2007年06月27日「ゾディアック」

カテゴリー中島孝志の不良映画日記」

 「セブン」の監督デビッド・フィンチャーの作品なのよ。で、愉しみにしてたの。
 今週は金曜から「ダイハード4.0」もあるし、「日刊ゲンダイ」で3カ月の連載がはじまるし、来月は来月で面白い映画が目白押しだかんね。
 無理してレイトショーに行ったのね。今日はメンズデーで1000円だったし。

 で、見終わった最初の感想は・・・これ、2時間37分も必要な映画かぁ?

 最初鋭くて、中盤くらいでアル中になっちゃう記者(これが名優ロバート・ダウニー・ジュニアなんだよなぁ)の役って必要だったの(で、いつからアル中になったんだ)?
 この記者がいたから、主役のイラストレーターが本格的に捜査するタイミングが遅れるっちゅうか、尻切れトンボちゅうか、本中華なんじゃないの?

 「あのイラストレーター、いつ捜査はじめるんだろ? 映画、終わっちゃうよ」と心配しちゃいましたよ。

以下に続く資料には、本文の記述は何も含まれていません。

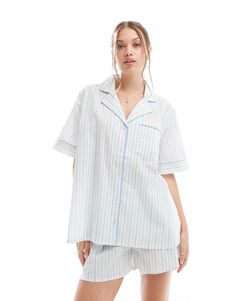 Lingeri & Nattøj fra ASOS DESIGN Designet til afslapning Inkluderer en nederdel og shorts Stribet print Knapstolpe Afslappet pasform Striped Short Sleeve Shirt, Winter Party Dress, Shirt And Shorts, Sweaters And Leggings, Maxi Dress Trend, Short Pajama Set, Pyjama Set, Petite Maternity, Pajama Shorts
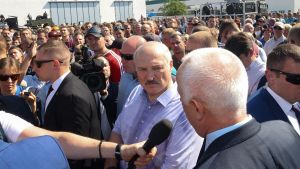 Lukasjenko fick inte ett varmt mottagande på fabriken han besökte på måndag. President Alexander Lukasjenka besöker en fabrik som inlett strejk i Minsk 17.8.2020.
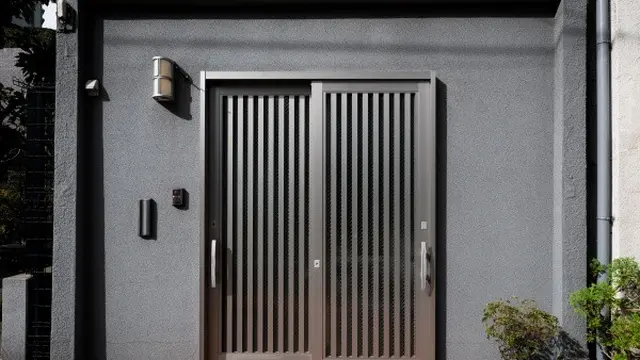 Ilustrasi Pintu Galvalum (Credit: Freepik)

 音楽と映像の巧さで表面的には恐怖感を盛り上げてるんだけどさ、サスペンスてのは、「底に流れる怖さ」がストーリーに見えなくちゃねぇ。 


力作ですよ、力作。

 この作品、「事実」に忠実に作られてるんだよね。けど、なまじ、事実という制約にとらわれたのかもなぁ。監督自身、子どもの頃、すぐ近くで発生した事件だから、原体験みたいのはあったと思うよ。
 けどさ、それにしても、こんなに長尺にする必然性も効果もなかったと思うな。
 
 基本的に、映画も読書も愉しむためのものだ、と考えてます。だから、辛口になっちゃう本や映画、ドラマはいままで絶対に紹介しなかったの。
 だって、私ゃ、批評家じゃないもん。娯楽家だもん。どうせ伝えるなら、「これいいよ、面白かったよ」というポジティブなメッセージを伝えたいじゃないですか!
 ねぇ。

 なら、書かなきゃいいじゃん?
 そうなのよね。

 でも、この事件の重大性てのは、1969年以降、この事件が1つのメルクマールになってるからよ。
 「ダーティハリー」にしたって、「羊たちの沈黙」にしたってさ、シリアルマーダー主役の映画はこの事件にルーツがあったりすんだよ。

 いくらでも面白くできるはずなんだけど・・・「事実」が展開を邪魔したのかもね?